Lance Armstrong's lawsuit against the U.S. Anti-Doping Agency was quickly dismissed by a judge who denied the cyclist's claim that the USADA's arbitration process was a "kangaroo court." U.S. District Court Judge Sam Sparks said Armstrong's suit was a "bitter polemic" designed to "incite public opinion" and threw it out of court hours after it was failed.
The retired cycling legend was accused by the USADA of taking part in a lengthy doping program during his career. He could be stripped of his seven Tour de France titles and banned from Olympic competition if he doesn't win a court order against the USADA by Saturday.

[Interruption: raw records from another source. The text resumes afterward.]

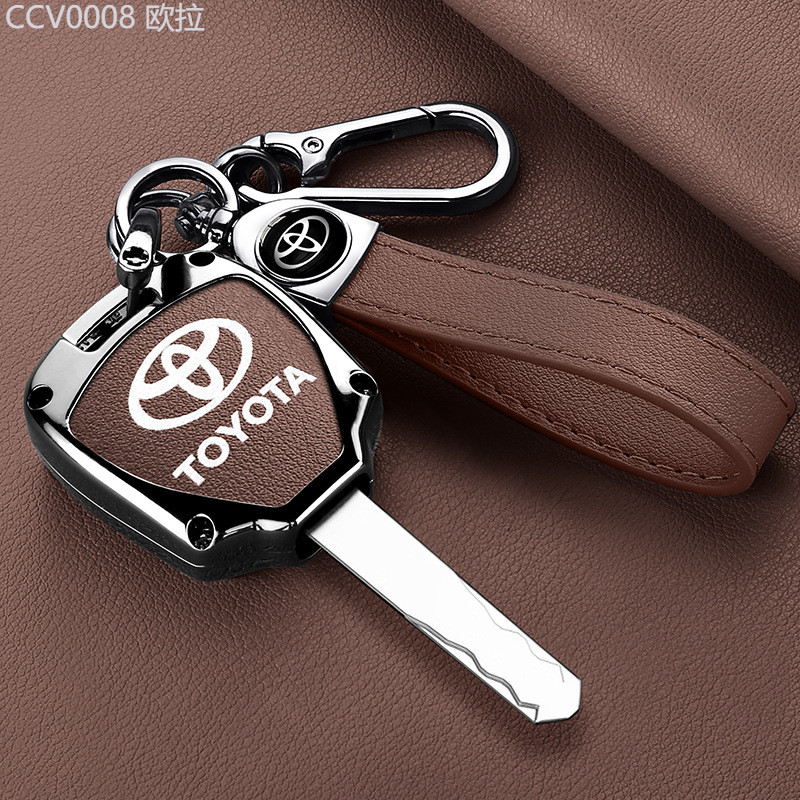 【2015 -2025】 เหมาะสำหรับฝาครอบกุญแจ Toyota FJ Cruiser รุ่นเก่า RAV4 Ling Zhiling ใส่ Prado overbear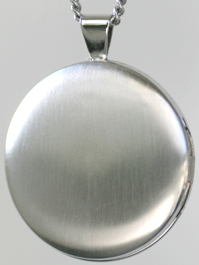 Satin Silver 30mm Round Locket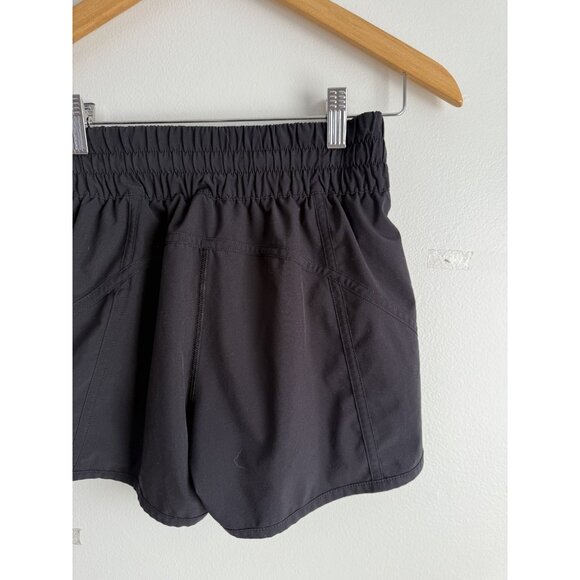 Lululemon Tracker Lined Black Short V 4" Running Training Outdoor Sweat Wicking - Picture 12 of 12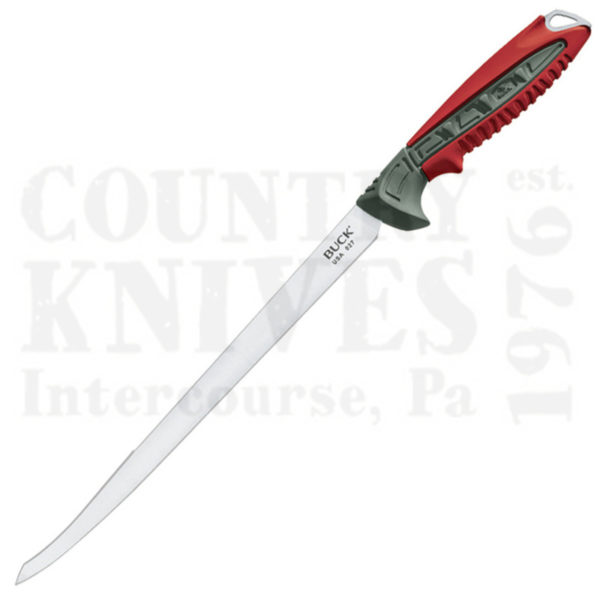 Buy Buck  BU27RDS 9" Clearwater Fillet Knife - Red & Black at Country Knives.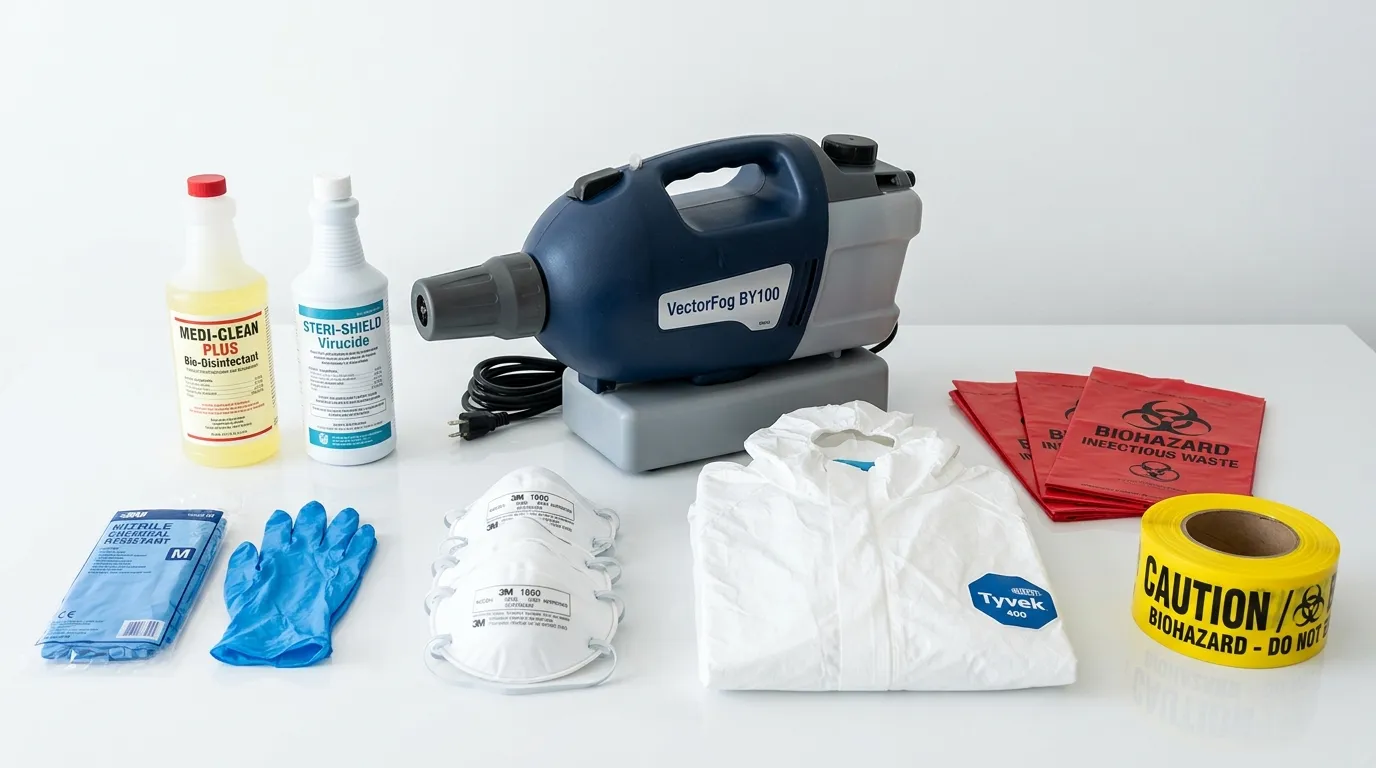 Professional biohazard remediation crew working in Shaw Heights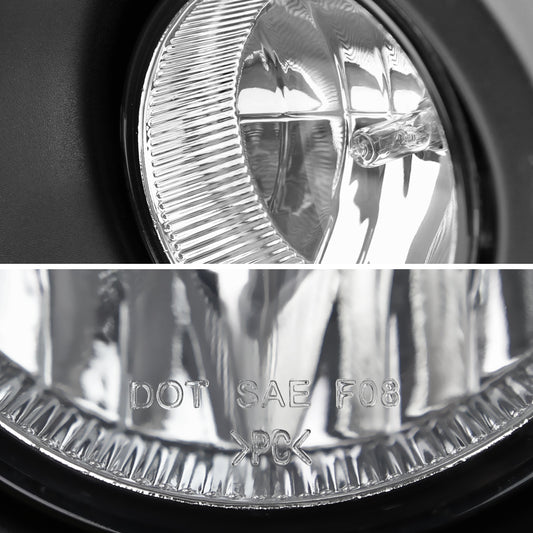 2011-2014 Ford F-150 Fog Light Bezels (Chrome Housing/Clear Lens)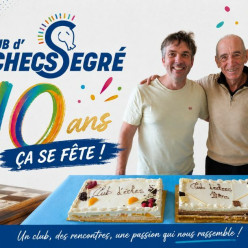 10 ans du Club d’échecs de Segré : une décennie de passion et de convivialité !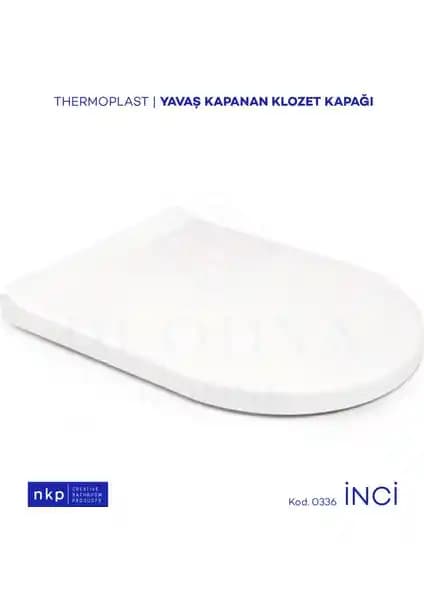 Plodna House İnci D-Form Yavaş Kapanan Klozet Kapağı İyi Tasarım ve Dayanıklılık Sağlar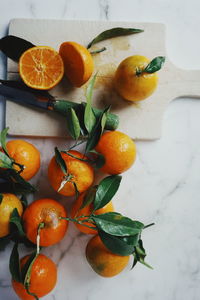 High angle view of fruits in plate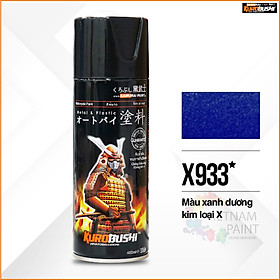 Sơn xịt Samurai Kurobushi - Màu xanh dương kim loại X - X933 ( 400ml)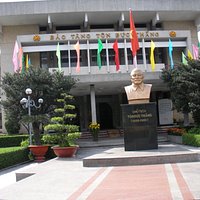 front of museum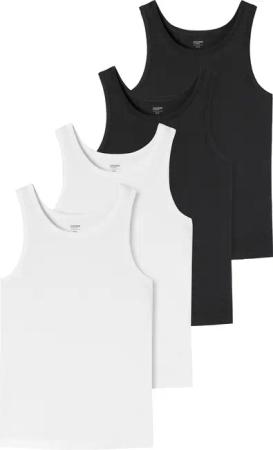 Schiesser Herren Unterhemd Uncover 4er Pack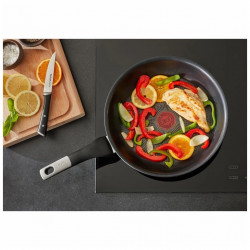 Тиган Tefal G2550572, 26 см, Thermo-Spot, Незалепващо титаниево покритие X6, Индукция, Черен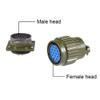 uxcell Aviation Connector, 28mm 14P Y2M28-14TK Waterproof Male Wire Panel Power Chassis Metal Fittings Connector Aviation Silver Tone view 3
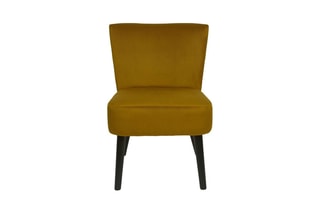 Fauteuil crapaud Giulia - Jaune et noir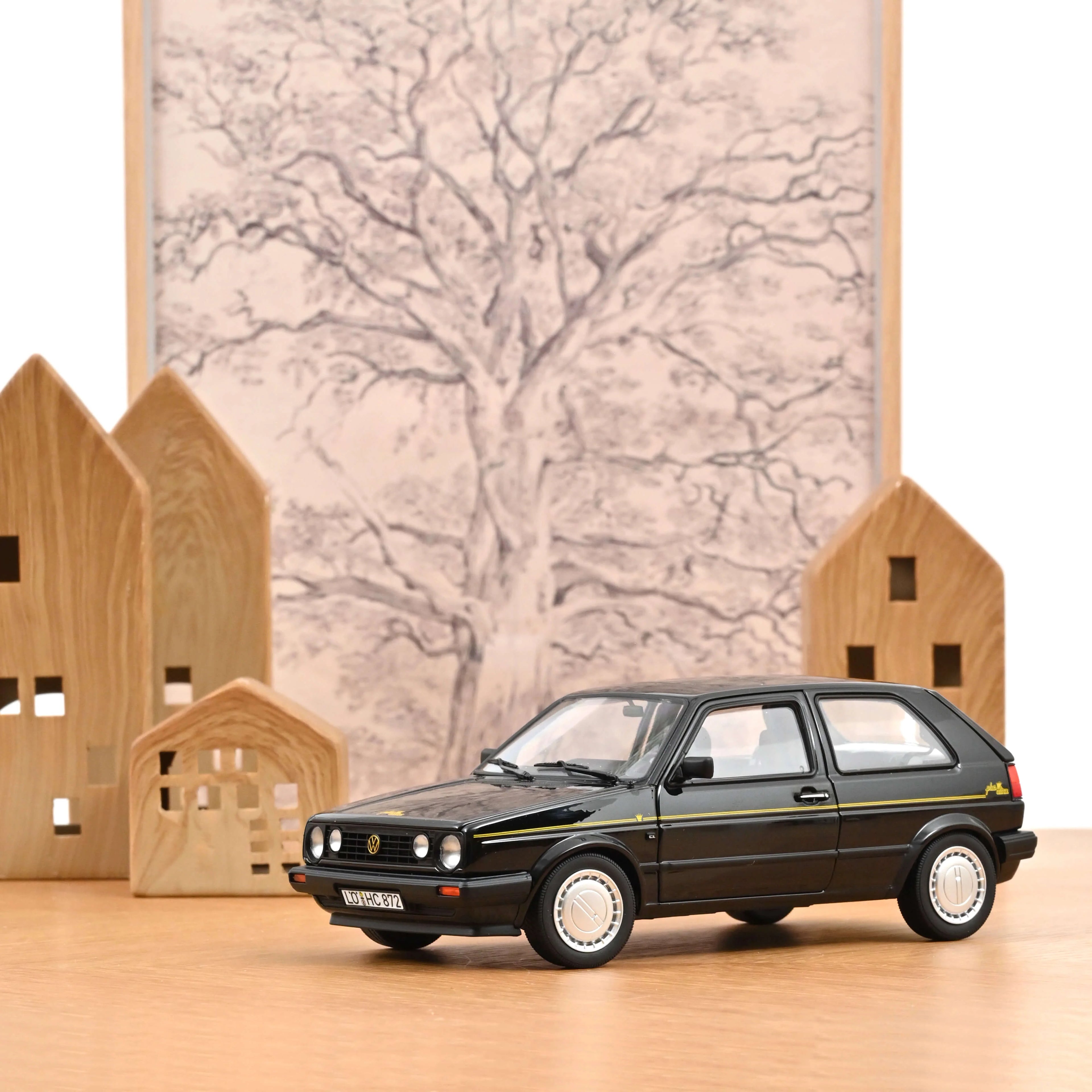 VW Golf Plus Ultra 1990 Black 1:18 - 300 pcs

It was claimed in the 80-page lawsuit that Armstrong's constitutional rights were violated. Judge Sparks wasn't listening. He wrote a terse, three-page rejection of Armstrong's suit:
"This court is not inclined to indulge Armstrong's desire for publicity, self-aggrandizement or vilification of Defendants by sifting through eighty mostly unnecessary pages in search of the few kernels of material relevant to his claims. Contrary to Armstrong's apparent belief, pleadings filed in the United States District Courts are not press releases, internet blogs, or pieces of investigative journalism. [...] The bulk of these paragraphs contain 'allegations' that are wholly irrelevant to Armstrong's claims — and which, the Court must presume, were included solely to increase media coverage of the case, and to incite public opinion against Defendants."
Sparks used derisive air quotes and everything. That's a stern rebuke from the bench.
In my professional legal opinion (watching "Matlock" at off hours), this order from Judge Sparks is most reminiscent of the landmark Ohhhhhhh!! v. Snap!! decision from the 1930s, with influences of Justice Brennan's "Talk to the Hand" majority opinion.